> _WHAT THIS TASK INVOLVES_: Every line from the one with "ZURN 1-NR3XLDUPEX WILKINS" up to and including the one with "Convoluted Crimp Collar, 1/2" is to be output exactly as it appears below; pictures are not.

> _DATA SHOWN_:
--- START ---
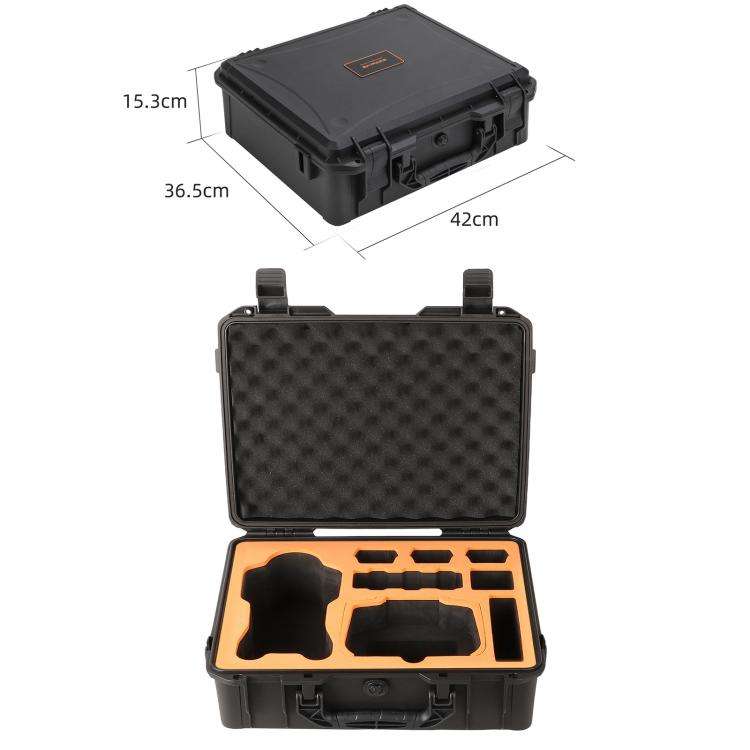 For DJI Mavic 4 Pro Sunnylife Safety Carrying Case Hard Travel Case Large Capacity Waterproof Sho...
--- END ---
--- START ---
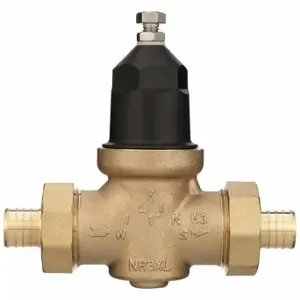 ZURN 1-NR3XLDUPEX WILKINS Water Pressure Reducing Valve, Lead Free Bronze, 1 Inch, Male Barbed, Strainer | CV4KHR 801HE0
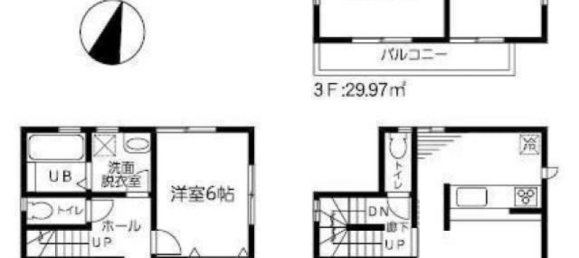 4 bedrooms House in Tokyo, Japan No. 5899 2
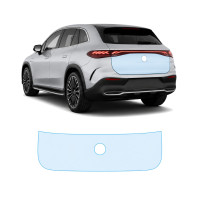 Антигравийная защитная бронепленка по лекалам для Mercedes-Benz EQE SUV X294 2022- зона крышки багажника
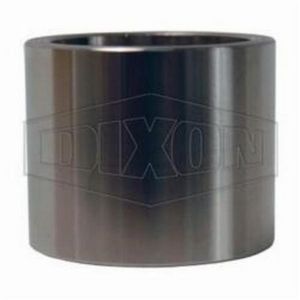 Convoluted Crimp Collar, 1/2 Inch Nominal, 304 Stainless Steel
--- END ---
--- START ---
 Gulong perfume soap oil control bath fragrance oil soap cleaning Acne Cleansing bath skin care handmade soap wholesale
--- END ---
> _TASK OUTPUT_:
 ZURN 1-NR3XLDUPEX WILKINS Water Pressure Reducing Valve, Lead Free Bronze, 1 Inch, Male Barbed, Strainer | CV4KHR 801HE0
 4 bedrooms House in Tokyo, Japan No. 5899 2
 Антигравийная защитная бронепленка по лекалам для Mercedes-Benz EQE SUV X294 2022- зона крышки багажника
 Convoluted Crimp Collar, 1/2 Inch Nominal, 304 Stainless Steel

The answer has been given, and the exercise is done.